Tbilisi, Georgia – “It is often said that you can’t manage what you don’t measure. The same principle can apply for a country’s natural capital,” said Pavan Sukhdev, Chair, TEEB Advisory Board and UNEP Goodwill Ambassador, at the launch of the Economics of Ecosystems and Biodiversity (TEEB) Scoping Study for Georgia taking place in Tbilisi.

Georgia is one of the pilot countries that has volunteered to assess its natural capital with the ultimate objective of valuing it, including non-monetary values, and the services provided by the country’s ecosystems. “Bringing the wealth of the natural world to the attention of decision-makers will pave the way to better informed choices and policies for all Georgians,” added Sukhdev.

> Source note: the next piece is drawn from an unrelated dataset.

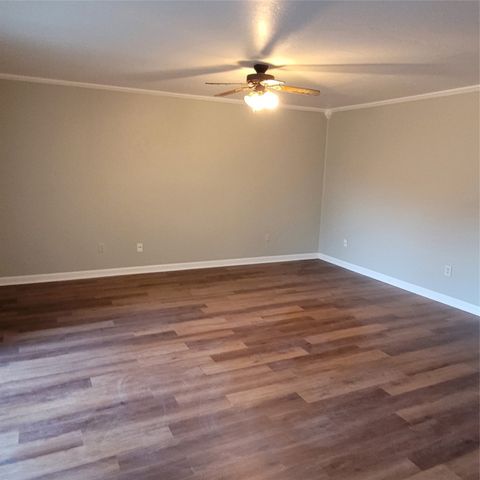 6536 Meadowview Lane, Watauga, TX 76148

Borjomi-Kharagauli National Park, Georgia
Located in central Georgia and part of the lesser Caucasus, the Borjomi-Kharagauli National Park is one of the largest in Europe. © Grid-Arendal

The TEEB Scoping Study for Georgia – a joint effort of the Georgian Ministry of Environment and Natural Resources Protection, UN Environment Programme (UNEP) and WWF-Caucasus – is an important step forward in valuing ecosystems and biodiversity. Identifying five core sectors of Georgian economy – Energy, Tourism, Agriculture, Mining, and Forestry – the study highlights their substantial dependence on natural capital and related services; hence, showing the importance of healthy ecosystems beyond environmental concerns.

Speaking at the launch, Khatuna Gogaladze, Minister of Environment and Natural Resources Proctection of Georgia said, “Considering the transitional phase and rapid development in Georgia’s economy, the TEEB initiative is an effective instrument to help conserve ecosystems while promoting sustainable growth of the economic sector.”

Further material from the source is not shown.